The MIC data (Table 2) demonstrated that carbomycin was also effective against multiplying B. burgdorferi. Macrolides that can penetrate B. burgdorferi cells may have greater activity than penicillin or ceftriaxone. Carbomycin may be a candidate for further investigation to enhance monotherapy treatment of Lyme disease."


"Cefoperazone (a third generation cephalosporin) appears to be the best β-lactam antibiotic against stationary-phase B. burgdorferi, followed by some second generation cephalosporins such as cefotiam (Figure 3H), cefmetazole and cefonicid."


"Doxycycline is used clinically as a frontline drug for treating Lyme disease. Doxycycline has low MIC values24 and good activity on multiplying B. burgdorferi. Interestingly, we observed that tetracycline had higher activity against stationary-phase B. burgdorferi persisters than doxycycline (Table 1).

This result is consistent with a previous study, which determined that tetracycline is more active than doxycycline in a minimum bactericidal concentration test."


"Here, we observed that clofazimine was highly active against stationary-phase B. burgdorferi persisters (Figure 3F), although the MIC of clofazimine was relatively high (6.25 µg/mL).

The preferential activity of clofazimine against B. burgdorferi persisters may be due to its high lipophilicity and its effects on the membrane. It is of interest to note that clofazimine is known to accumulate in host tissues,37 and this property may allow clofazimine to accumulate to high concentrations and act preferentially against B. burgdorferi persisters if they occur in human tissues."


"In addition, some sulfa drugs such as sulfameter and sulfisoxazole were observed to be effective against stationary-phase B. burgdorferi, while sulfamethoxazole exhibited low MIC values (≤0.2 µg/mL). "


"While concern remains whether PTLDS is due to persisting organisms, identification of antibiotics that have activity against B. burgdorferi persisters we feel should prompt testing of some antibiotic combinations that could impact either persisters if they exist or presence of antigenic debris, and by whatever mechanisms, study whether such an approach may lead to improved clinical outcomes in Lyme disease including Lyme arthritis or patients with PTLDS."


[And here comes Auwaerter's contribution- with the Hopkins standard line wedging its way in there...]

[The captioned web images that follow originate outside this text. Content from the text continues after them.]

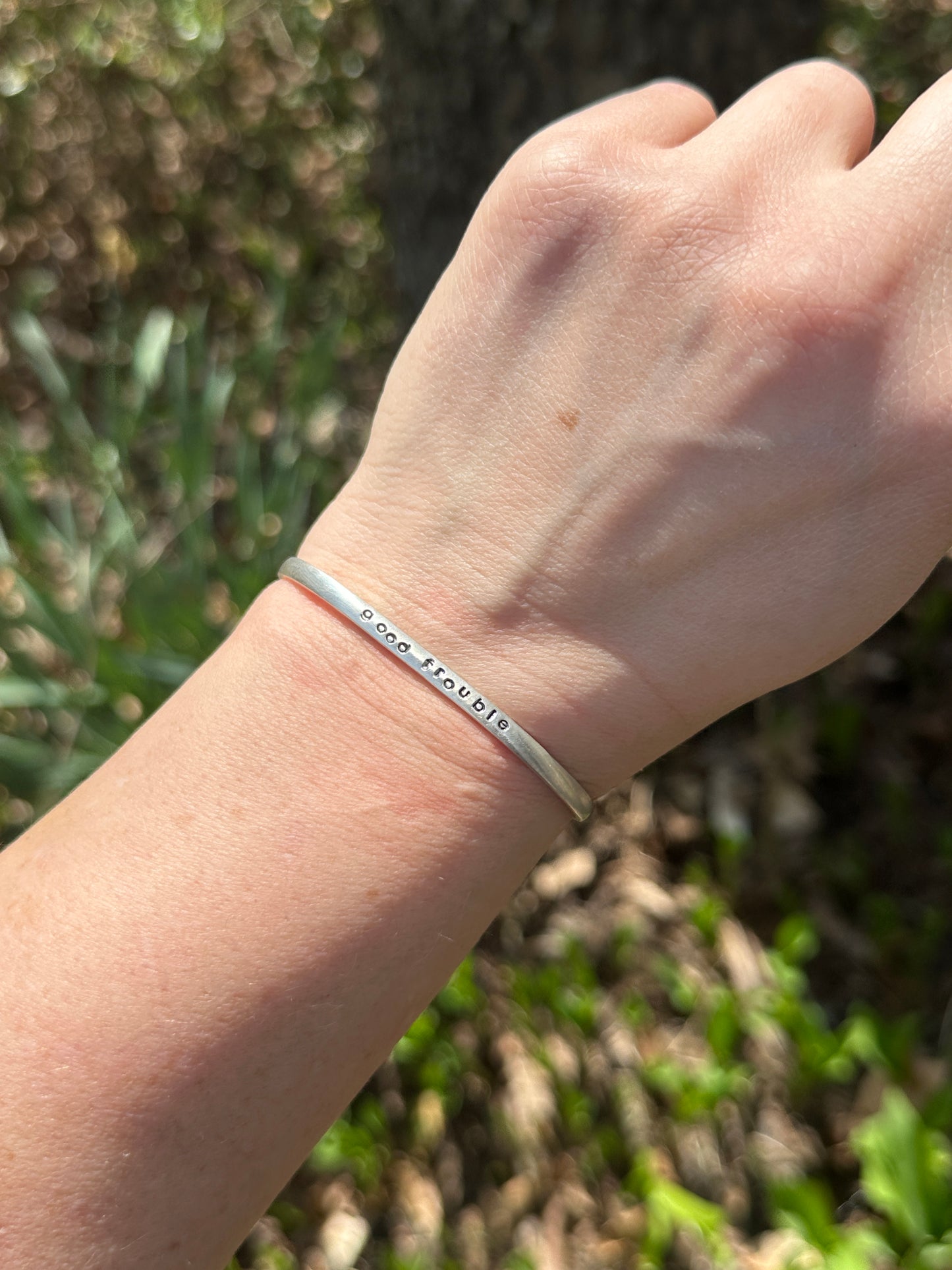 good trouble // resist // hands off cuffs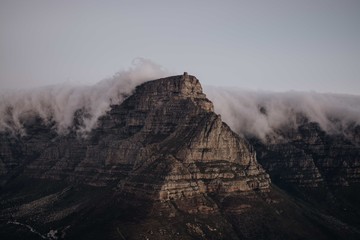 Clouds rolling over Table Mountain at sunset, Cape Town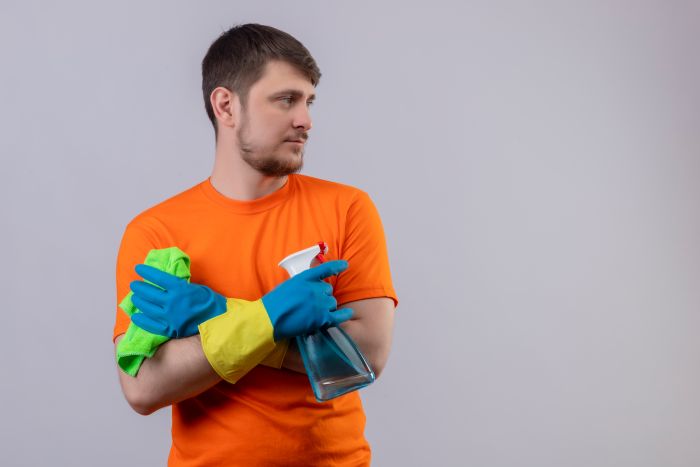 Young Man Wearing Orange T Shirt Rubber Gloves Holding Cleaning Spray Rug Standing With Arms Crossed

"In summary, this study represents the first high throughput screen against B. burgdorferi in vitro persisters and identified a number of interesting FDA-approved drugs that have excellent anti-persister activity.

Further studies are needed to evaluate these drug candidates in animal models of B. burgdorferi persistence and determine whether they can break the persistence phenomenon the current Lyme disease antibiotics failed to eliminate.

Although the question of B. burgdorferi persistence in humans has been raised, there is no high-quality evidence to support this concept or the idea that additional antibiotic therapy is helpful for patients for PTLDS.

Whether earlier resolution of B. burgdorferi infection, either alone or in combination with current Lyme disease antibiotics, will decrease long term symptoms of fatigue or PTLDS is unknown and will require further study."

The End

BTW- I still do NOT recommend going to Hopkins for diagnosis or treatment of Lyme disease.